Description of the task —
Exclude the pictures and reproduce exactly the lines that run from the one holding "Kaufland WIESENHOF Bruzzzler Angebot" to the end of the entries below.
>>>
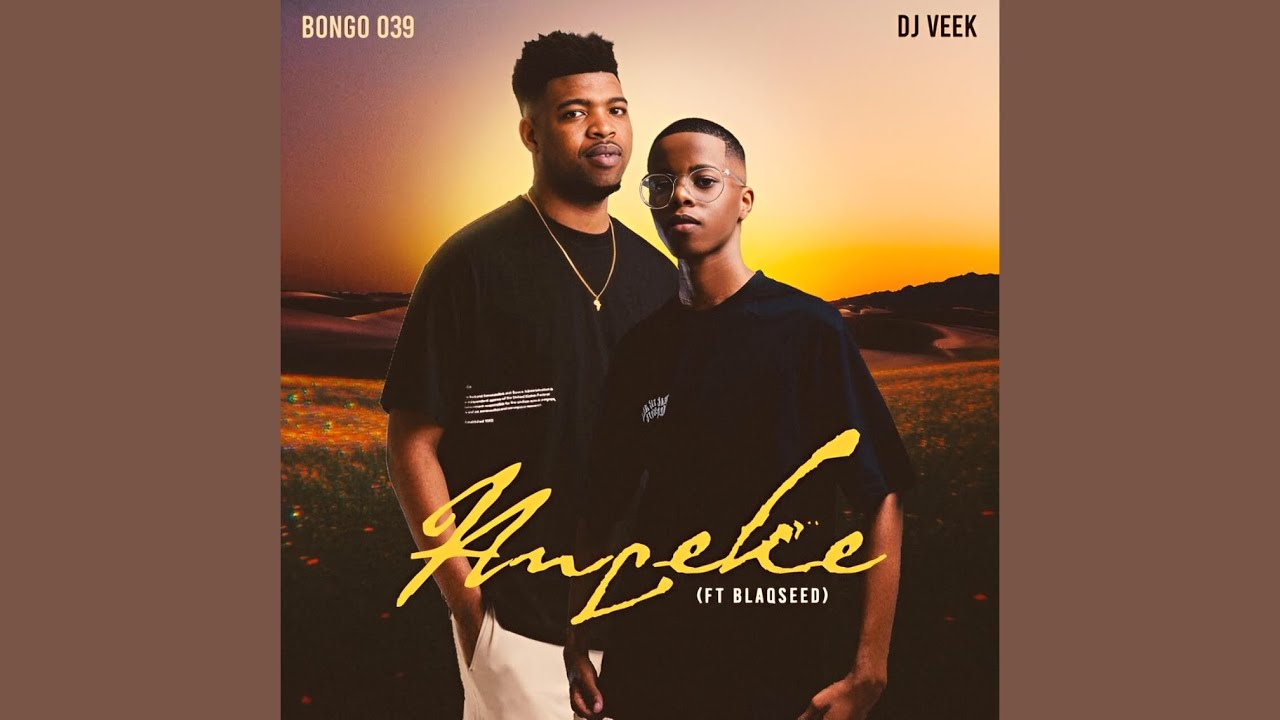 Download Veek, Bongo 039, Blaq Seed - Angeke MP3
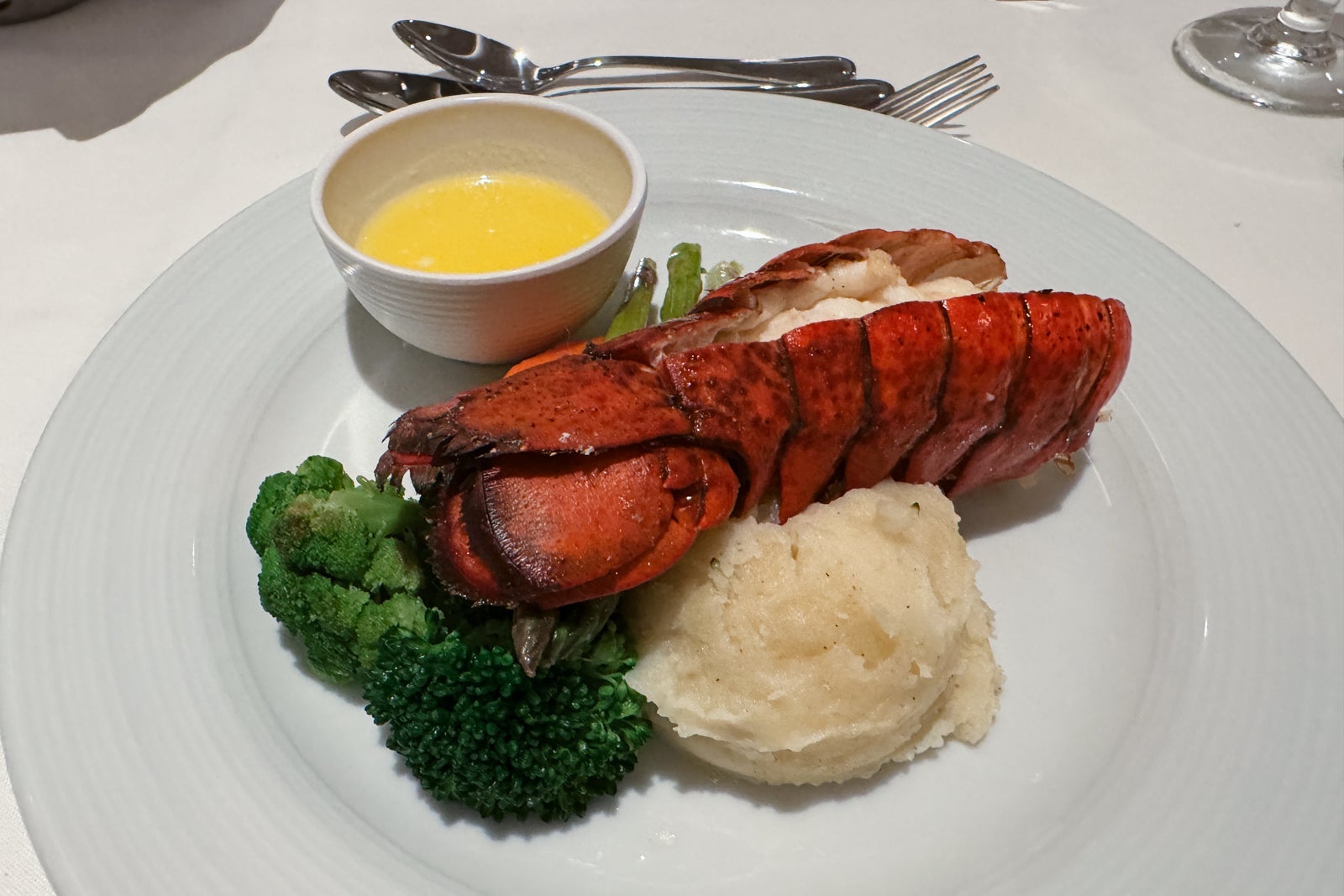 Utopia of the Seas main dining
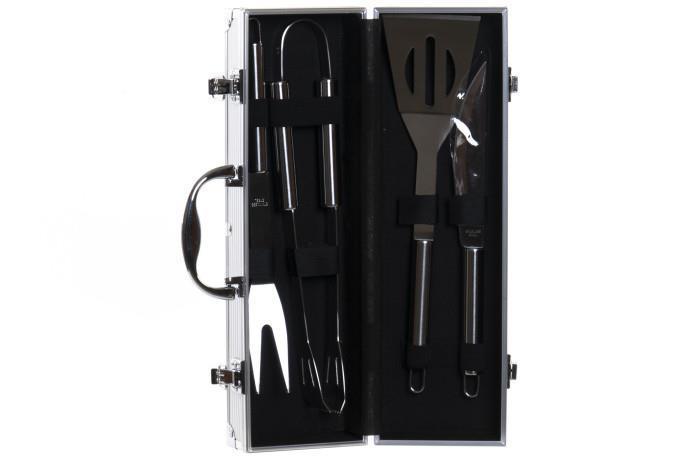 Conjunto Barbecue 4 Peças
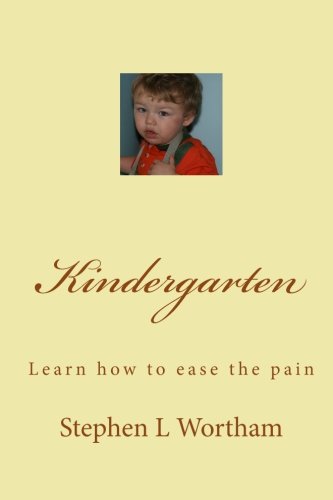 Cover of Kindergarten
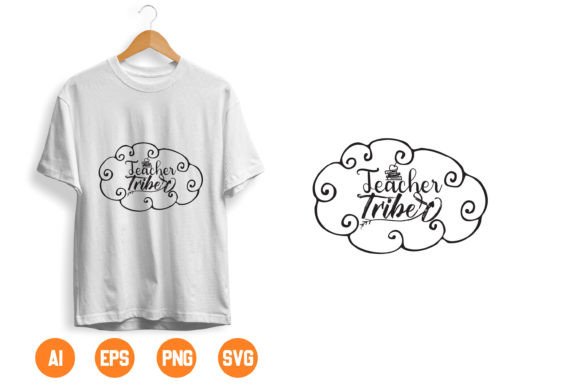 Back to School T-Shirt Design-04 Graphics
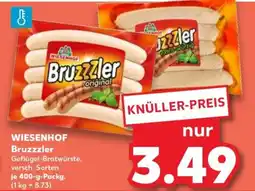 Kaufland WIESENHOF Bruzzzler Angebot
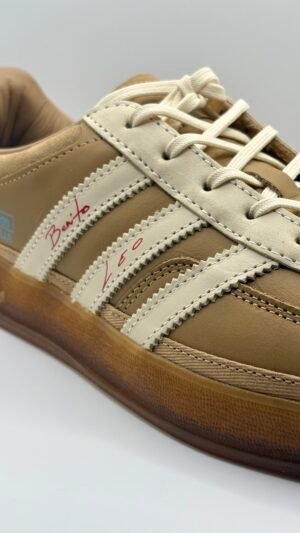 IMG_4270 (1) Edición Especial Gazelle Bad Bunny x Messi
<<<
Result below —
 Kaufland WIESENHOF Bruzzzler Angebot
 IMG_4270 (1) Edición Especial Gazelle Bad Bunny x Messi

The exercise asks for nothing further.